自ら「現場を疲弊」と書いた橋下氏のツイッター

 コロナ対策で吉村知事が「よく頑張っている」との声とは裏腹に、大阪は全国最悪の事態でした。
 維新は昨年11月に大阪市廃止を問う「住民投票」の強行のため、「大阪モデル」の基準を改悪し、赤信号が点灯しないようにしました。山中伸弥教授から「コロナ対策が科学から政治に」と懸念されるありさまでした。
 今年2月には吉村知事が第3 波の緊急事態宣言解除を前倒し、医師の懸念を無視して「重症病床確保数215床から150床への減床(3月1日)」を指示。その直後から起こった「第4波」(3月~5月)で「医療崩壊」となり、自宅待機者が一時1万8千人を超え、1198人が亡くなる(自宅で19人)などの悲劇が起こりました。
 背景には、維新政治10年間の保健所職員大幅削減、大阪市立住吉市民病院の廃止など医療・保健部門の切り捨てがあります。松井市長は職員削減を「身を切る改革」だと自慢しますが、日常業務でカツカツの保健所体制では、コロナパンデミックのような災害に十分な対応ができるはずがありません。橋下氏でさえ「大阪府知事時代、大阪市長時代に徹底的な改革を断行し、有事の今、現場を疲弊させているところがあると思います。保健所、府立市立病院など」(2020年4月3日ツイッターより)とつぶやいているところです。

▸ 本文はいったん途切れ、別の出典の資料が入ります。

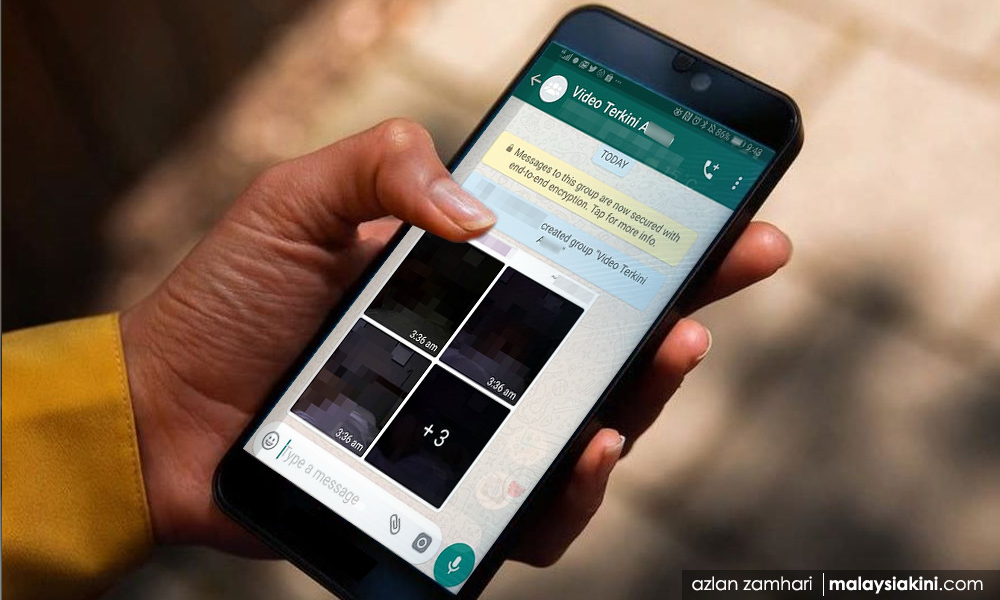 Bersatu bergolak: Apa hal ungkit 'video semburit'? 2 734cc6e19605805f7e7eabc68380fb85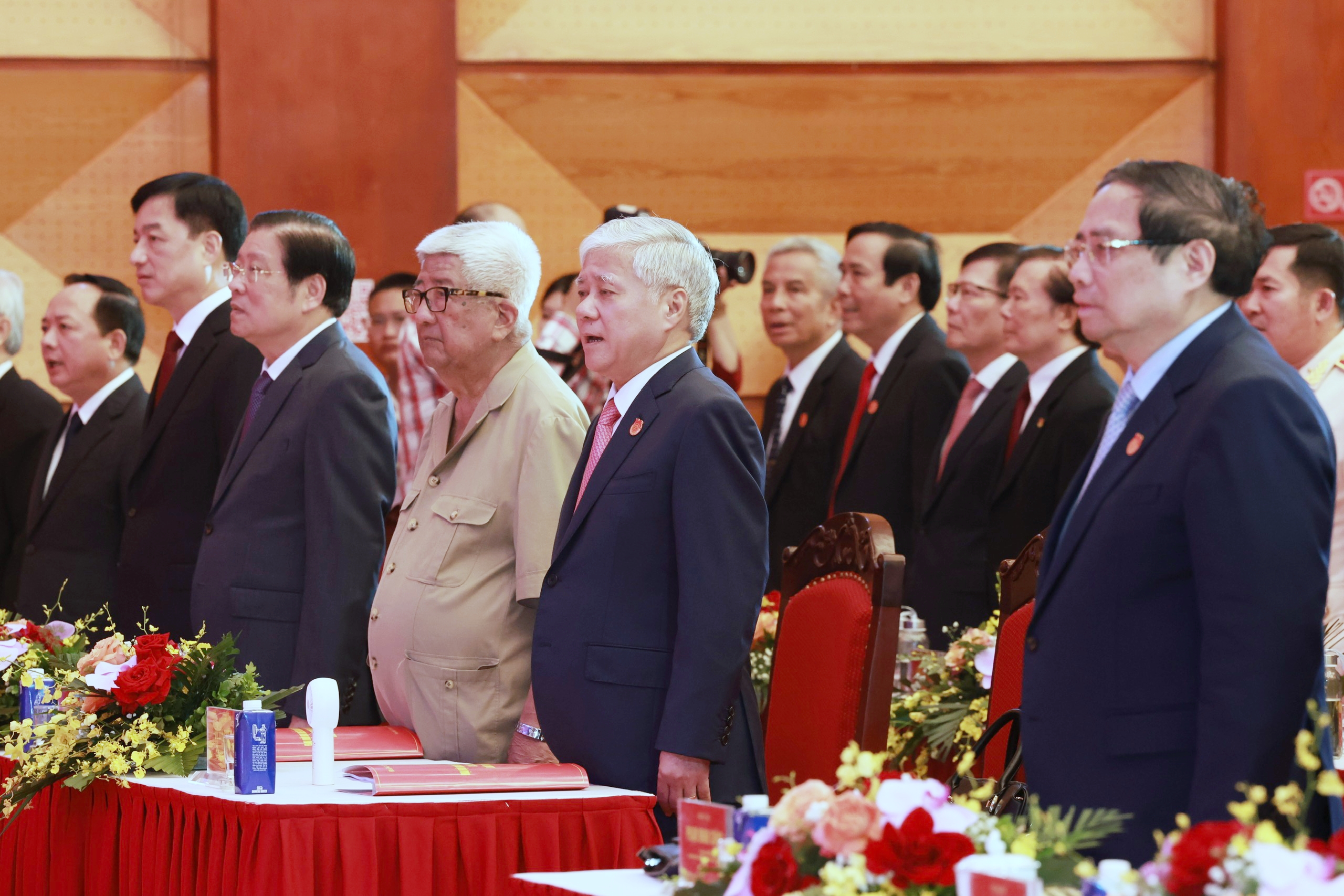 Tổng B&iacute; thư dự Đại hội Đảng bộ MTTQ, c&aacute;c đo&agrave;n thể Trung ương - Ảnh 8.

 維新の大阪府・大阪市政は、国の予算内でのコロナ対策に終始し、自治体独自に行うべき大規模検査の推進や医療機関・中小業者への独自支援に背を向け続けてきました。大阪府が2020年度に支出したコロナ対策費は全体の0・3%だけ、国の支出4647億円と預託金6926億円でほとんど対応したのです。その結果、府は331億円の黒字計上と財政調整基金も144億円増やしました。
 吉村知事は街頭演説で「1千床単位の大規模コロナ医療センターを作った」と自慢し、「なぜこれを国がやらないのか」と国を批判しましたが、この「大規模センター」の経費に大阪府は1円も負担せず、全額国の負担です。

対策費はわずか全支出の0・3%で全国最悪の感染状況生み出す。